Tucked into the surprise announcement that Chipotle Mexican Grill founder Steve Ells would step down as executive chairman of the board was news that the fast casual food chain would reduce the size of the board from 10 members to seven.
It’s a tricky task, determining the right size of a board. Too many members can lead to an overlap of responsibilities and create an atmosphere that’s difficult to move items forward or express ideas. Too few members risks not having enough bodies in the room to provide true oversight or a great-enough variety of skill sets.
It’s a balance that’s determined by the age, size and complexity of the company. Even so, there are some best practices to consider.
While average board sizes don’t change much from year to year, there are indications that a smaller board works better. Between 2011 and 2014, companies with a market capitalization of over $10 billion that had between eight and 10 board members outperformed peer groups by an average of 8.5 percentage points, according to research from The Wall Street Journal and governance experts GMI Ratings.
Companies with boards that had 12 to 15 members underperformed all other board sizes by 10.85 percentage points, on average. The GMI Ratings study, which included any company with a market capitalization of $10 billion or more, found that the average board size was about 11 directors.
At non-profit boards, the average was closer to 16 members.
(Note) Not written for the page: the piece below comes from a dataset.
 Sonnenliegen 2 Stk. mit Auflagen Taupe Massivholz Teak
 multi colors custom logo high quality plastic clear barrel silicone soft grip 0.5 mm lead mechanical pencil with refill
Since non-profits aren’t a worried about ensuring a monetary return, the boards take on more responsibilities to fund the organization, often requiring more seats around the table to accomplish everything.
But there can be diminishing returns when it comes to smaller boards. Financial services firm Morningstar found that small-cap companies lag larger firms in their rate of female representation among directors.
“Whatever pressures are driving female representation at the upper end of the market-cap range, they are much weaker at the lower end of the range,” wrote Morningstar.
That may be because one tactic companies have used to increase female representation among directors is by increasing the size of the board. Over half of all new female board members at companies listed on the S&P 500 took a seat that was newly created, according to a report by PwC, reported by Fortune. “We don’t want to be contained if we see great candidates who bring an element of diversity,” TripAdvisor’s Chief People Officer Beth Grous told Fortune, after the company added two women to its board, increasing the size from eight to 10 directors.
Since more diverse boards perform better on certain measures, like on environmental, social and governance improvements, growing your company’s board can also, potentially, boost shares.